Vsevelod made grand preparations for this enterprise. Conferring with the warlike Sviatoslaf and other ambitious princes, a large army was collected at the head waters of the Volga. They floated down the wild stream, in capacious flat-bottomed barges, till they came to the mouth of the Kama. Thus far their expedition had been like the jaunt of a gala day. Summer warmth and sunny skies had cheered them as they floated down the romantic stream, through forests, between mountains and along flowery savannas, with pennants floating gayly in the air, and music swelling from their martial bands. War has always its commencement of pomp and pageantry, followed by its terminations of woe and despair.
Vsevelod in person led the army. Near the mouth of the Kama they abandoned their flotilla, which could not be employed in ascending the rapid stream. Continuing their march by land, they pushed boldly into the country of the Bulgarians, and laid siege to their capital, which was called “The Great City.” For six days the battle raged, and the city was taken. It proved, however, to be but a barren conquest. An arrow from the walls pierced the side of a beloved nephew of Vsevelod. The young man, in excruciating agony, died in the arms of the monarch. Vsevelod was so much affected by the sufferings which he was thus called to witness, that, dejected and disheartened, he made the best terms he could, soothing his pride by extorting from the vanquished a vague acknowledgment of subjection to the empire. He then commenced his long march of toil and suffering back again to Moscow, over vast plains and through dense forests, having really accomplished nothing of any moment.
The reign of Vsevelod continued for thirty-seven years. It was a scene of incessant conflict with insurgent princes disputing his power and struggling for the supremacy. Often his imperial title was merely nominal. Again a successful battle would humble his foes and bring them in subjection to the foot of his throne. But, on the whole, during his reign the fragmentary empire gained solidity, the monarchical arm gained strength, and the sovereign obtained a more marked supremacy above the rival princes who had so long disputed the power of the throne. Vsevelod died, generally regretted, on the 12th of April, 1212. In the Russian annals, he has received the surname of Great. His reign, compared with that of most of his predecessors, was happy. He left, in churches and in fortresses, many monuments of his devotion and of his military skill.
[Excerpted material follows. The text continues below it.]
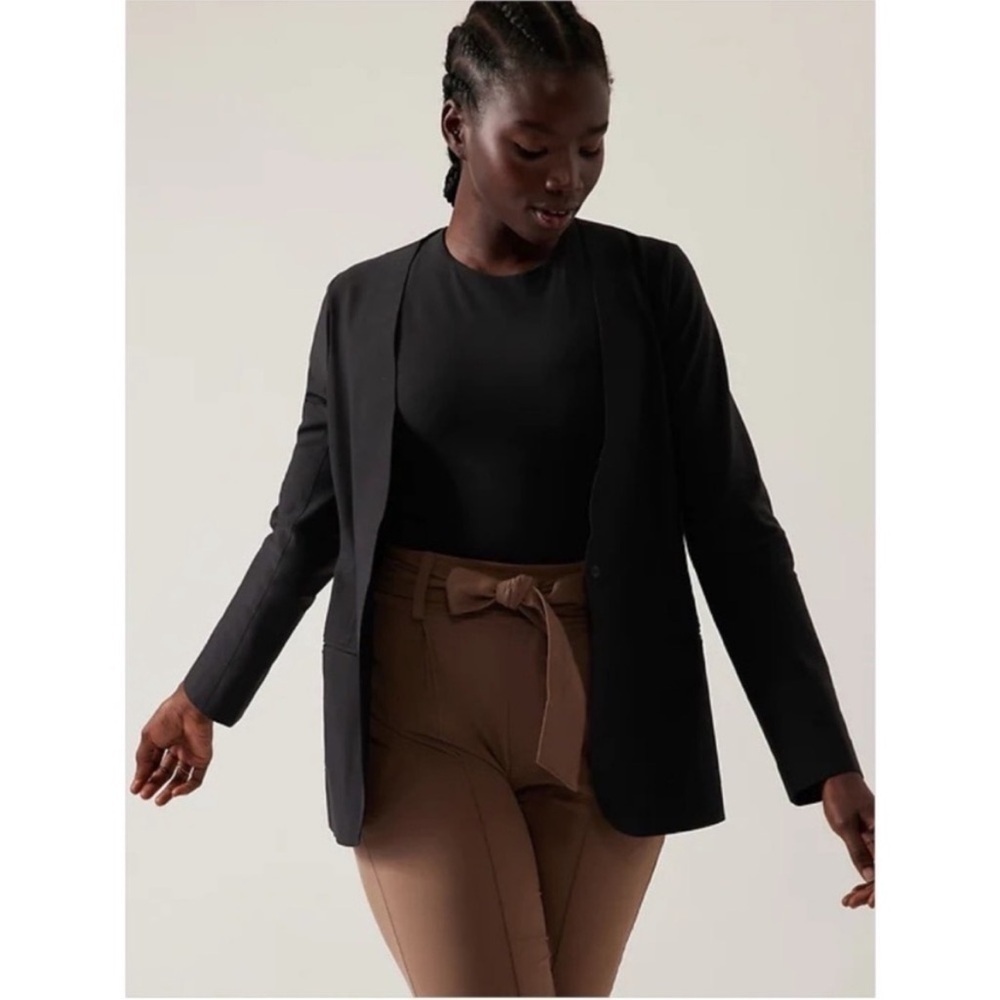 Athleta Avenues Black Blazer with Pocket Detail small size 0 - Picture 3 of 7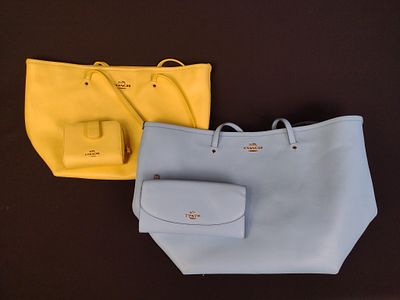 2 Coach Street Zip Tote Bags. Includes a sky blue with matching wallet and a yellow with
His wife, Maria, seems to have been a woman of sincere piety. Her brief pilgrimage on earth, passed six hundred years ago, led her through the same joys and griefs which in the nineteenth century oppress human hearts. The last seven years of her life she passed on a bed of sickness and extreme suffering. The patience she displayed caused her to be compared with the patriarch Job. Just before she died, she assembled her six surviving children around her bed. As with tears they gazed upon the emaciated cheeks of their beloved and dying mother, she urged them to love God, to study the Bible, to give their hearts to the Saviour and to live for heaven. She died universally regretted and revered.